Build your own nourishing bowl with wholesome grains, protein, and vibrant toppings for a satisfying meal.
# What You Need:
→ Base
01 - 1 cup uncooked brown rice or 1 cup uncooked quinoa or 1 cup uncooked farro
→ Proteins
02 - 2 cups cooked chickpeas, drained and rinsed
03 - 2 cups grilled chicken breast, diced
04 - 2 cups firm tofu, cubed and pan-seared
05 - 2 cups cooked shrimp
→ Toppings
06 - 1 cup cherry tomatoes, halved
07 - 1 cup cucumber, diced
08 - 1 cup shredded carrots
09 - 1 avocado, sliced
10 - 1/4 cup red onion, thinly sliced
11 - 1/4 cup feta cheese, crumbled
12 - 1/4 cup toasted pumpkin seeds
13 - 2 tablespoons chopped fresh herbs such as parsley, cilantro, or basil
→ Dressing
14 - 3 tablespoons olive oil
15 - 1 tablespoon fresh lemon juice
16 - 1 tablespoon apple cider vinegar
17 - 1 teaspoon Dijon mustard
18 - 1 clove garlic, minced
19 - Salt and black pepper to taste
# How-To Steps:
01 - Cook your selected grain according to package directions.

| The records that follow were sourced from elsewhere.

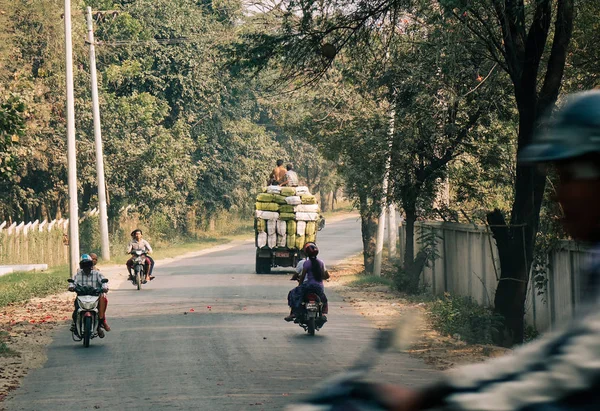 Rural Road in Mandalay, Myanmar — Stockfoto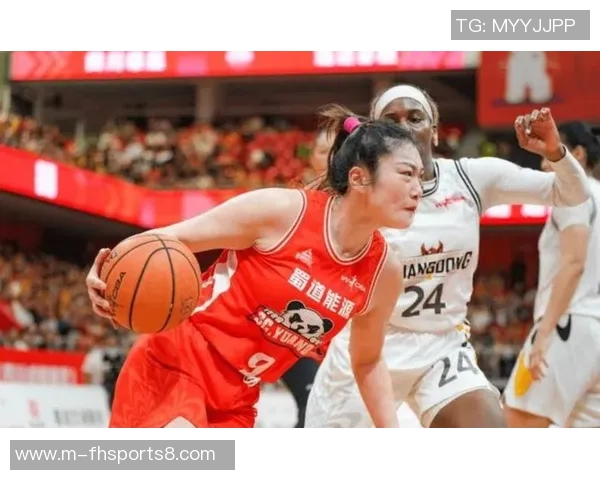 中国女篮25岁女神李梦最佳替身再创佳绩轰19分9篮板展现强大实力 中国女篮25岁女神李梦最佳替身再创佳绩轰19分9篮板展现强大实力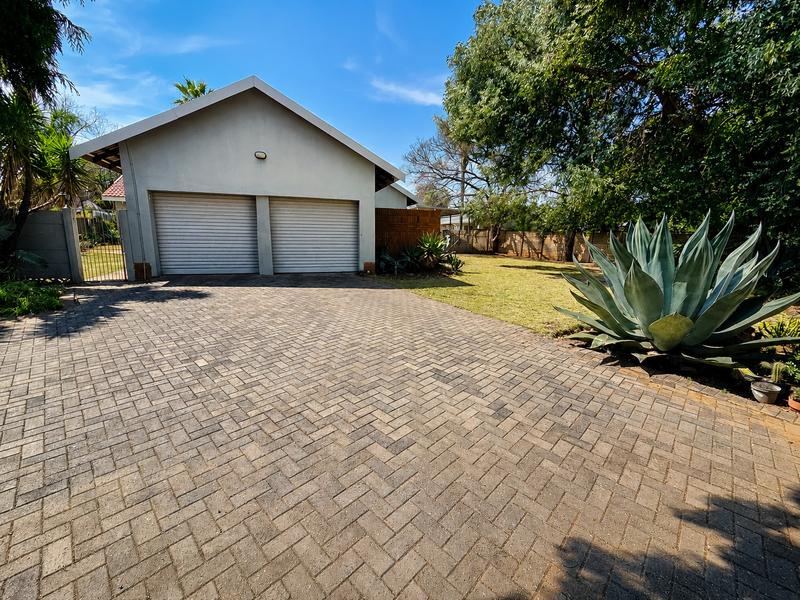 4 Bedroom Property for Sale in Elardus Park Gauteng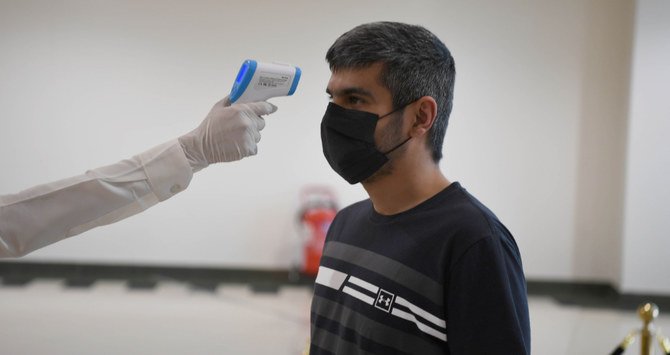 Temperature checks are carried out at the entrances of most indoor venues in Saudi Arabia. (AN Photo/Basher Saleh)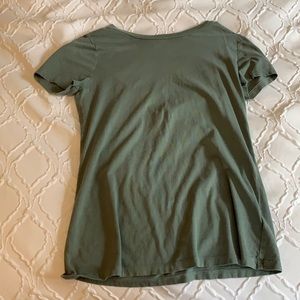 GAP t shirt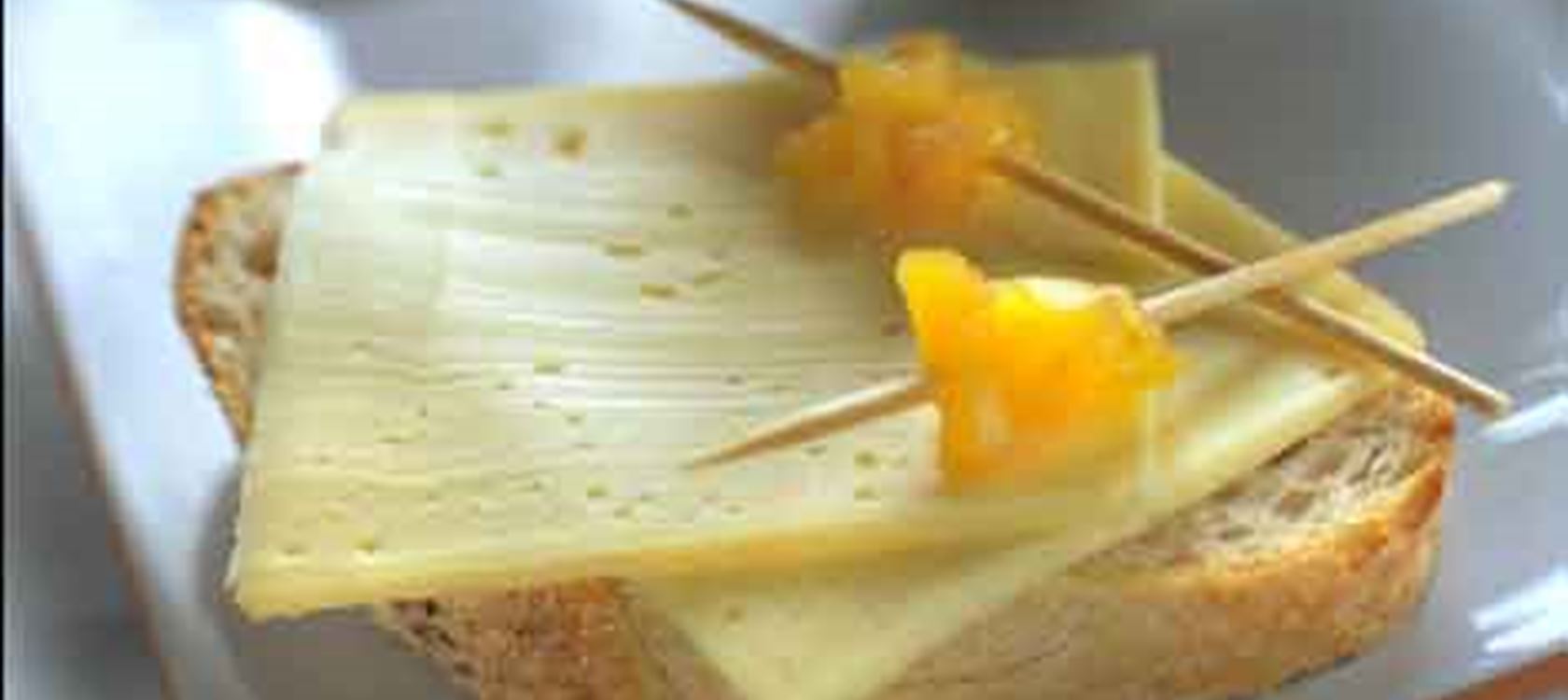 Ostemad med ananaschutney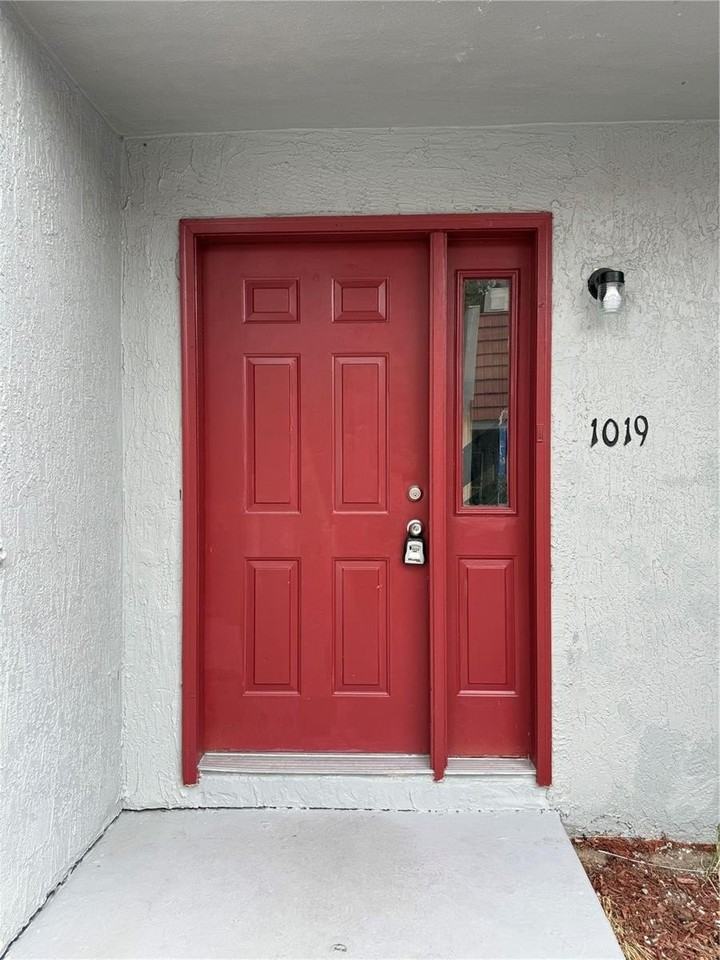 1015 Sumner St #1019 - Photo 6 of 7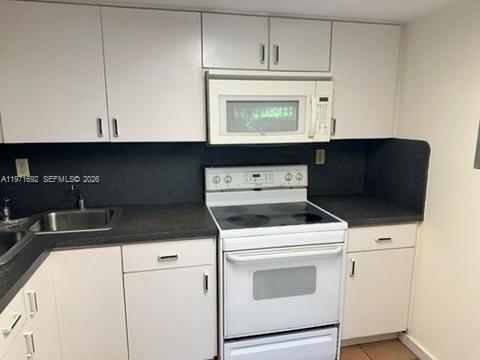 9001 SW 94 ST #113, Miami FL 33176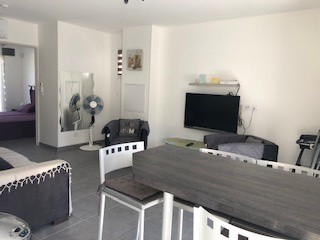 Location Appartement à Saint-Cyr-sur-Mer 3 pièces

Transfer to a bowl and allow to cool slightly before assembling.
02 - Prepare your chosen protein by grilling chicken breast, pan-searing tofu cubes, or using pre-cooked chickpeas or shrimp as preferred.
03 - Whisk together olive oil, lemon juice, apple cider vinegar, Dijon mustard, minced garlic, salt, and pepper until emulsified.
04 - Distribute cooked grain into individual bowls. Layer with selected protein, cherry tomatoes, cucumber, carrots, avocado, red onion, feta cheese, pumpkin seeds, and fresh herbs.
05 - Drizzle prepared dressing over assembled bowls immediately before serving.